At stake is a fight over money and consumer data: Retailers loathe paying fees to accept credit cards in their stores and have long sought better data on what their customers buy, and when. Banks similarly dislike paying fees for Apple Pay transactions. Thus, financial institutions and retailers have incentive to push out their own mobile-payment services.
Here are some of the mobile wallets that will compete for consumers’ attention in 2016:
JPMorgan Chase plans to introduce its own mobile wallet in mid-2016. Mobile-banking apps are already used by more than half of U.S. smartphone owners with bank accounts, according to the latest Federal Reserve survey. Chase plans to pre-load cards for 94 million customer accounts “so the customer doesn’t have to do anything but accept the terms and conditions,” Gordon Smith, CEO of consumer and community banking at JPMorgan Chase, said in a keynote at the Money20/20 conference in October. Chase still wants its cards in all mobile wallets, and has decided to support Apple Pay, Samsung Pay and other competing services.
Wal-Mart will begin accepting payments through its mobile app in all U.S. stores in the first half of 2016. About 22 million Walmart shoppers already use the app, which compares prices and offers discounts on items and will now let customers store their credit- and debit-card information.
Merchant Customer Exchange -- a consortium founded in August 2012 by merchants including Wal-Mart and Target Corp. -- is testing its CurrentC app with about 200 merchants in Columbus, Ohio. The service is not yet available nationwide. “There will be more than one successful player in the mobile-payments space, and we fully expect to be one of them,” said Brian Mooney, chief executive officer of MCX.
Apple Pay is the market leader in tap-and-pay transactions, even after experiencing growing pains in 2015. The service’s in-store payment feature, however, only works with the latest Apple iPhones.
Google revamped its mobile-wallet service after scooping up rival Softcard, a joint venture of three wireless carriers. The company said in a Dec. 15 blog post that “millions of people” had signed up for the new Android Pay, with the majority using their Android smartphones to tap and make purchases for the first time.
Samsung Pay debuted in South Korea in August and became available in the U.S. in September. By October, U.S. Samsung Pay users made an average of eight transactions each. Unlike Apple Pay or Android Pay, Samsung’s mobile-payment service works on older in-store terminals, ensuring wider usage. Samsung Pay is only available on newer Galaxy smartphones.

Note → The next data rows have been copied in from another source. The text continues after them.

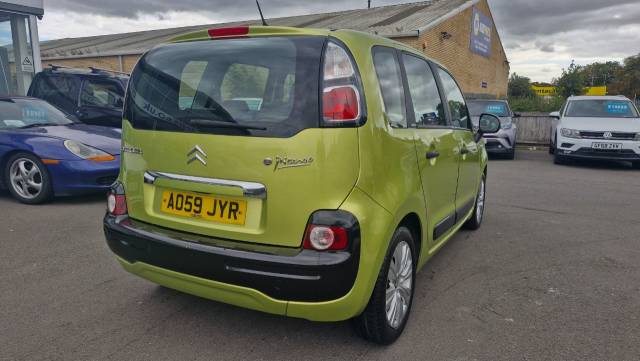 2009 Citroen C3 Picasso 1.4 VTi 16V VTR+ 5dr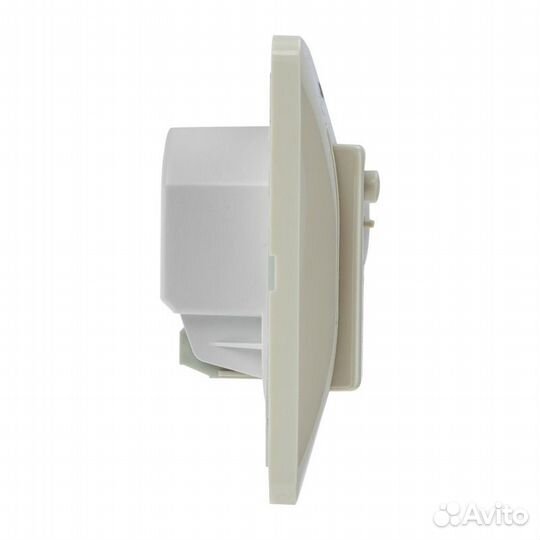 Терморегулятор механическийRX-308G (бежевый) (сов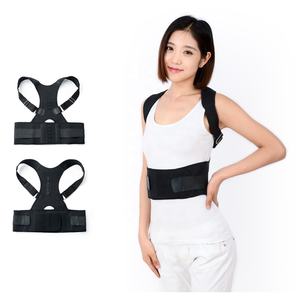 Thérapie magnétique réglable <span class=keywords><strong>de</strong></span> qualité médicale Correction du dos Ceinture <span class=keywords><strong>de</strong></span> soutien <span class=keywords><strong>de</strong></span> la <span class=keywords><strong>posture</strong></span> - Product Image 2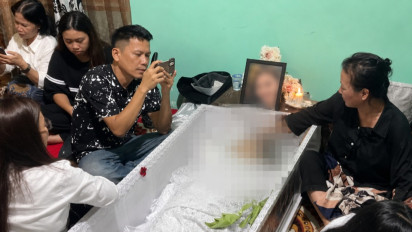 Kejanggalan Fakta Kematian Mantan Istri Polisi di Medan yang Diduga Bunuh Diri Pakai Senpi Eks Suami di Kamar Mandi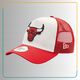 Καπέλο New Era A-Frame Chicago Bulls 60348855 Μαύρο OSFM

PayPal users can make purchases with their smartphones in a variety of ways, including at Macy’s Inc. and Home Depot Inc. retail stores. In 2016 the company will introduce a feature that will let customers tap their phones to pay in stores, pitting it more squarely against Apple Pay and Android Pay. PayPal has 173 million active users and can work on both the iPhone and Android phones like the Galaxy.
The mobile-payment field is getting crowded despite slow consumer adoption. About 1 percent of U.S. households making at least $75,000 a year were expected to do their holiday shopping using a mobile wallet, according to Bankrate’s Money Pulse survey.
“The reality is nobody has nailed the in-store experience yet,” said Anuj Nayar, senior director of global initiatives at PayPal.